# HOW TO COMPLETE THIS TASK:
Nothing but the pictures should be left out when the entries below are duplicated.

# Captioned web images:
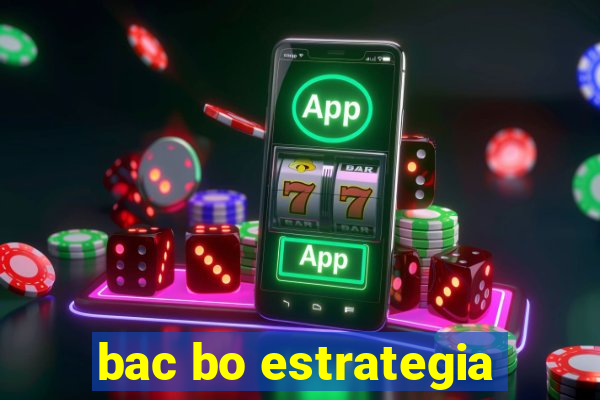 bac bo estrategia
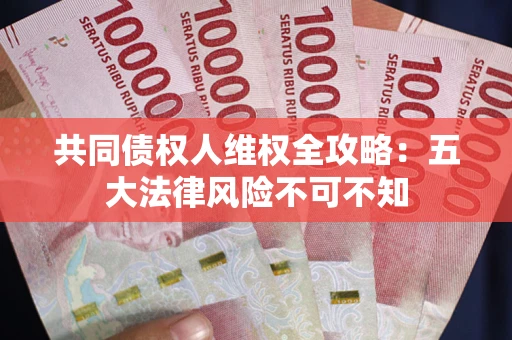 济南共同债权人维权全攻略：五大法律风险不可不知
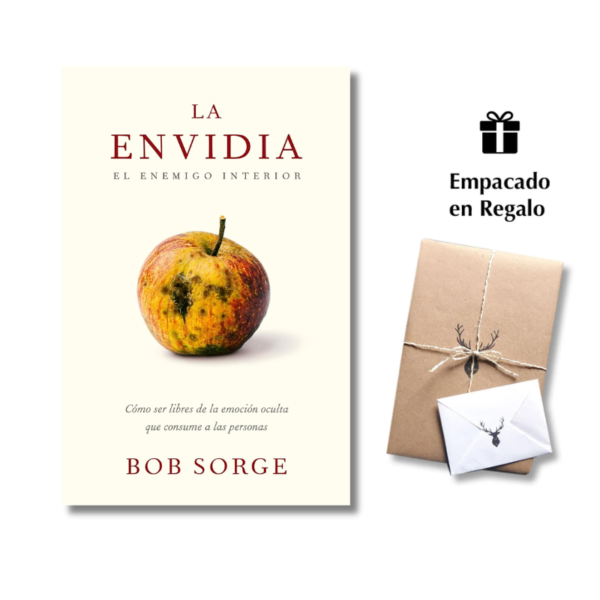 La Envidia – Bob Sorge
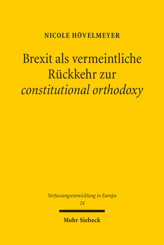 Cover of 'Brexit als vermeintliche Rückkehr zur constitutional orthodoxy'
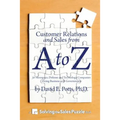 Customer Relations and Sales from A to Z: For Aerospace, Defense and Technology Companies Doing Business with Governments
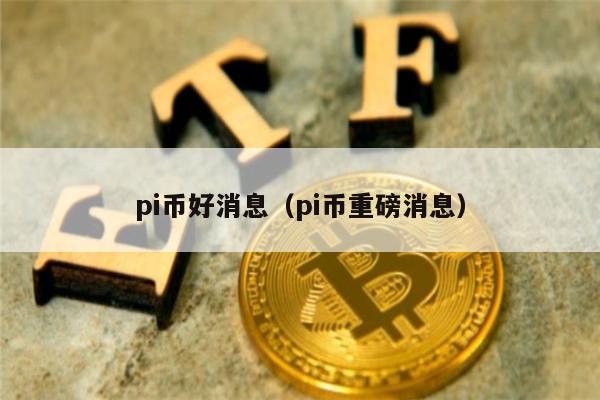 pi币好消息（pi币重磅消息）-第1张图片-火网下载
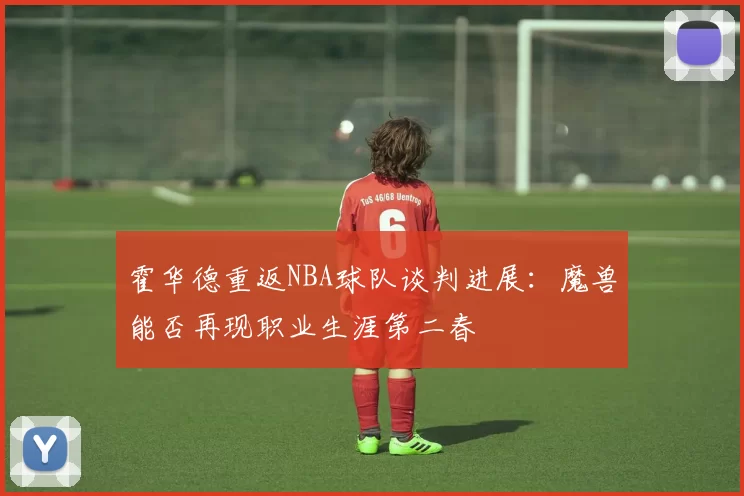 霍华德重返NBA球队谈判进展:魔兽能否再现职业生涯第二春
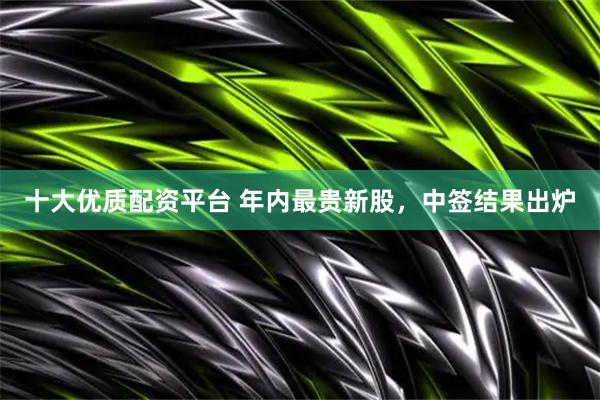 十大优质配资平台 年内最贵新股，中签结果出炉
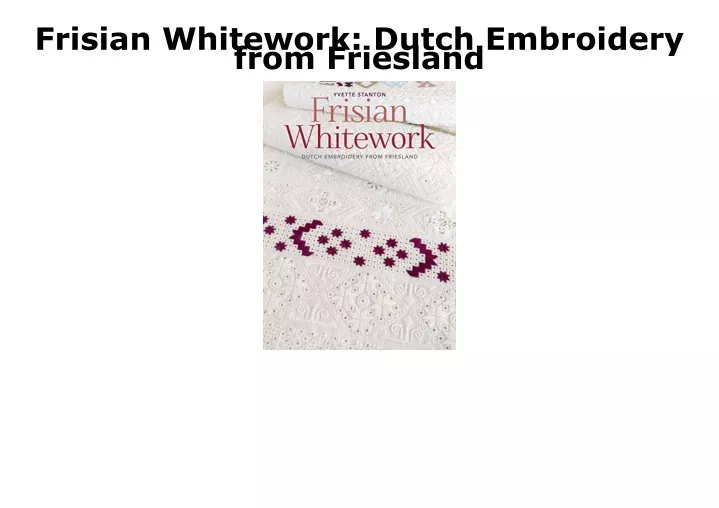 frisian whitework dutch embroidery from friesland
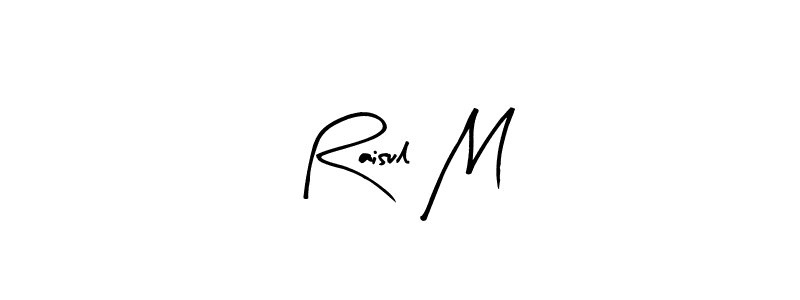 Best and Professional Signature Style for Raisul M. Arty Signature Best Signature Style Collection. Raisul M signature style 8 images and pictures png
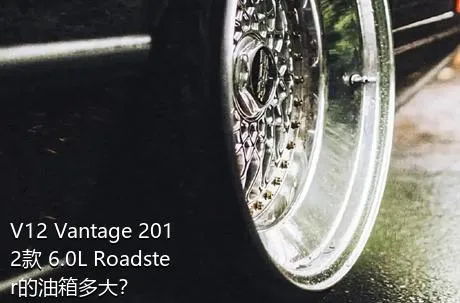 V12 Vantage 2012款 6.0L Roadster的油箱多大？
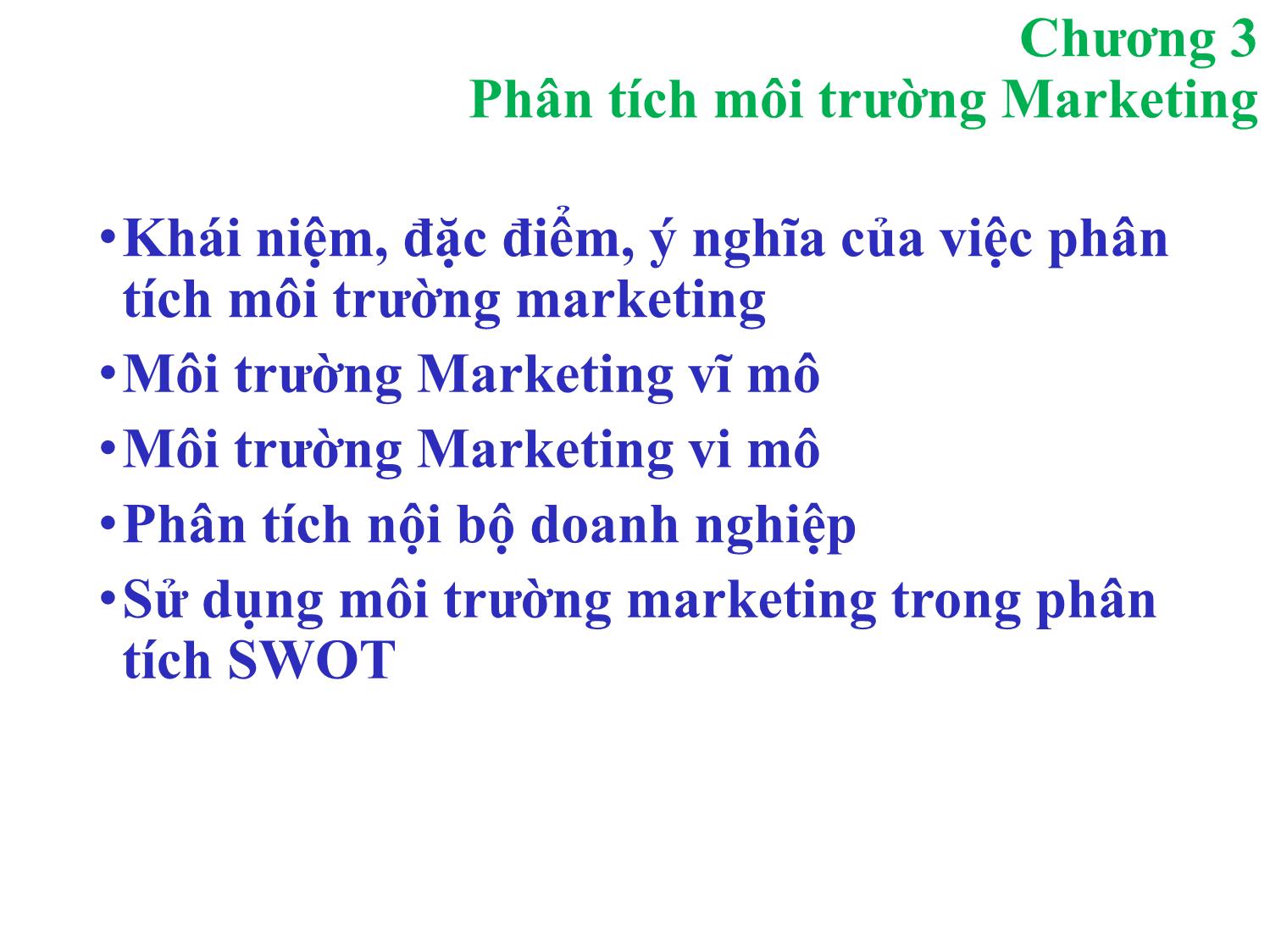 Bài giảng Quản trị marketing - Chương 3: Phân tích môi trường marketing - Nguyễn Thị Phương Dung trang 2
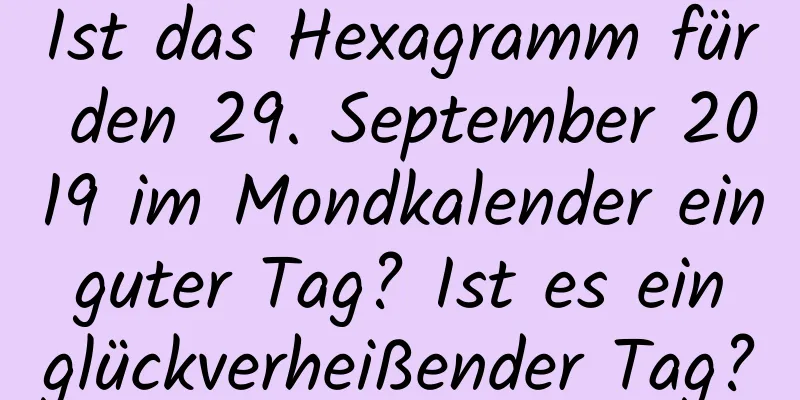 Ist das Hexagramm für den 29. September 2019 im Mondkalender ein guter Tag? Ist es ein glückverheißender Tag?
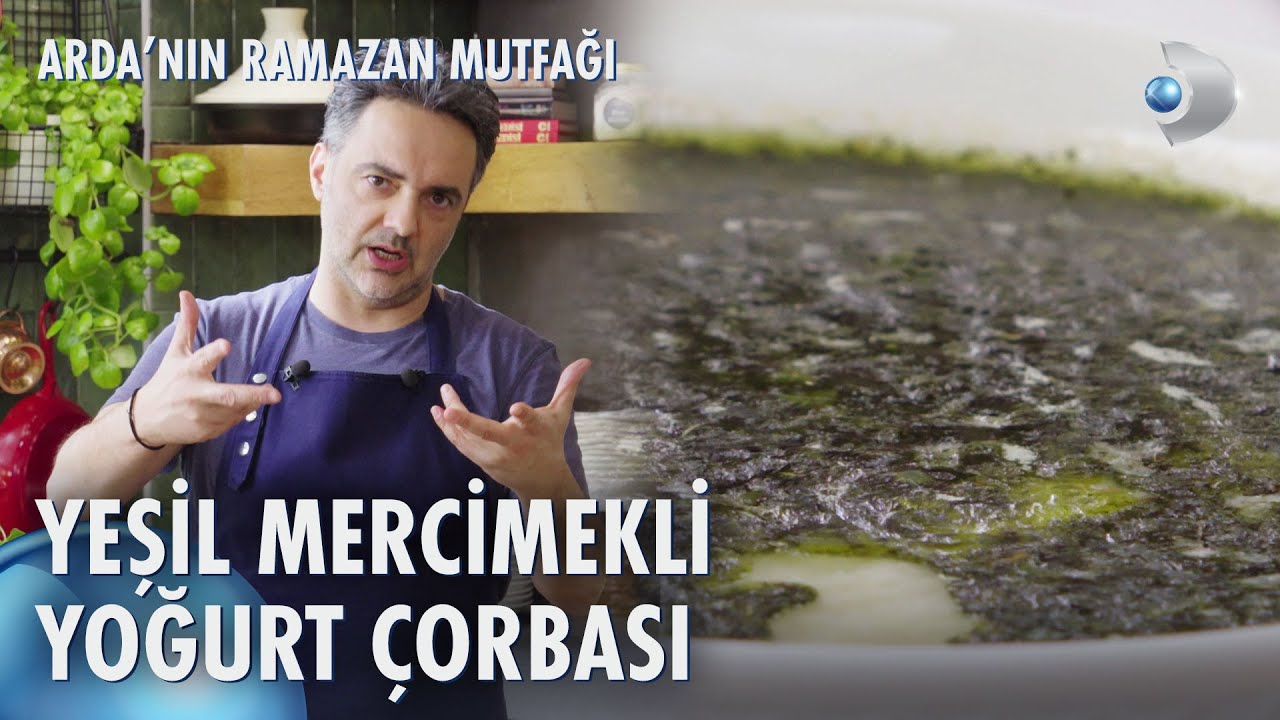 Yeşil Mercimekli Yoğurt Çorbası Tarifi 🥣 Arda'nın Ramazan Mutfağı 109. Bölüm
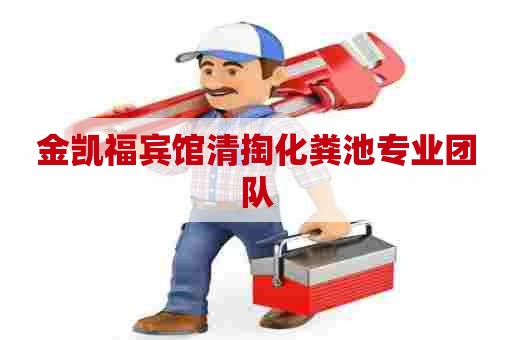 金凯福宾馆清掏化粪池专业团队
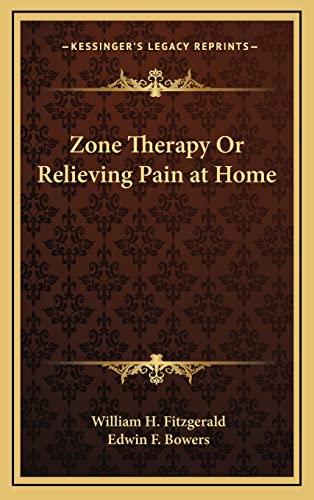 9781163317358: Zone Therapy Or Relieving Pain at Home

# WRITTEN ANSWER:
 bac bo estrategia
 济南共同债权人维权全攻略：五大法律风险不可不知
 La Envidia – Bob Sorge
 Cover of 'Brexit als vermeintliche Rückkehr zur constitutional orthodoxy'
 Customer Relations and Sales from A to Z: For Aerospace, Defense and Technology Companies Doing Business with Governments
 pi币好消息（pi币重磅消息）-第1张图片-火网下载
 霍华德重返NBA球队谈判进展:魔兽能否再现职业生涯第二春
 十大优质配资平台 年内最贵新股，中签结果出炉
 frisian whitework dutch embroidery from friesland
 Best and Professional Signature Style for Raisul M. Arty Signature Best Signature Style Collection. Raisul M signature style 8 images and pictures png
 V12 Vantage 2012款 6.0L Roadster的油箱多大？
 Bài giảng Quản trị marketing - Chương 3: Phân tích môi trường marketing - Nguyễn Thị Phương Dung trang 2
 Ist das Hexagramm für den 29. September 2019 im Mondkalender ein guter Tag? Ist es ein glückverheißender Tag?
 Yeşil Mercimekli Yoğurt Çorbası Tarifi 🥣 Arda'nın Ramazan Mutfağı 109. Bölüm
 金凯福宾馆清掏化粪池专业团队
 9781163317358: Zone Therapy Or Relieving Pain at Home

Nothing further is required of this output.